Реммельгас встал и подошел к карте лесничества, висевшей за его спиной на стене.
— Главный район мы перенесем сюда.
Отыскав Сурру, карандаш Реммельгаса обвел широким кругом холмы Каарнамяэ, а оттуда двинулся к чащам Кяанис-озера и Люмату. Отметив эти места, карандаш оторвался от карты, перемахнул через коричневое пятно болота и уперся в конец его извилистого выступа, врезавшегося в кюдемаский лес.

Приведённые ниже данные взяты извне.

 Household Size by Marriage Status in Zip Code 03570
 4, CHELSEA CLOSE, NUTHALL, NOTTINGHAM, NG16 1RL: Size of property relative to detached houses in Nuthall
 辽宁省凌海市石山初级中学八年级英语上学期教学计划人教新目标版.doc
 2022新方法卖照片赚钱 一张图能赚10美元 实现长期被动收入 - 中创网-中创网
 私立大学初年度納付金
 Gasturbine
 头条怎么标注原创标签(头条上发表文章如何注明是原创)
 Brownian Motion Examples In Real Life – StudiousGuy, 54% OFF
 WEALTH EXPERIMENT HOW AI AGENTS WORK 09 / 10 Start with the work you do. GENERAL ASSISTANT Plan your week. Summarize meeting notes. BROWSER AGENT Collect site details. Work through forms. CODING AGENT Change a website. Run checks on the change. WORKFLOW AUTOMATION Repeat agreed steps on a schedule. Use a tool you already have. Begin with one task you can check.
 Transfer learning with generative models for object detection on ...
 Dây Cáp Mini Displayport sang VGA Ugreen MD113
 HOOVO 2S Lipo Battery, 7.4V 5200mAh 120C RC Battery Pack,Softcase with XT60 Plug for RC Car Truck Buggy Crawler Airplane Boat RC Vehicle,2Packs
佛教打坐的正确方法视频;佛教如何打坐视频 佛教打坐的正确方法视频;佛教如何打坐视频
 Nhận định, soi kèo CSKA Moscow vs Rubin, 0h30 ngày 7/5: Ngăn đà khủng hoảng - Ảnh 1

— Стало быть… сурруские ельники! — ахнул Нугис.
Все молчали, как бы собираясь с мыслями. Все понимали, что означает простая фраза: мы перенесем район работ в Сурру. Многие тут бывали и на Люмату, и в дивном лесу на холмах Каарнамяэ. Пожалуй, один Тюур никогда туда не заглядывал. И ему уже давно прискучил этот непонятный спор.
— Каарнамяэ — так Каарнамяэ! — крикнул он раздраженно. — По мне, один черт, где будут пилить. Есть из-за чего голову ломать!
— Что ты несешь? — укоризненно оборвал его Килькман, но Тюур с видом полного пренебрежения повернулся к нему спиной. Все выжидающе глядели на Осмуса — что он скажет? Нелегко ему будет раскусить тот орешек, которым угостил его Реммельгас. Все это хорошо понимали, не первый день в лесниках служили.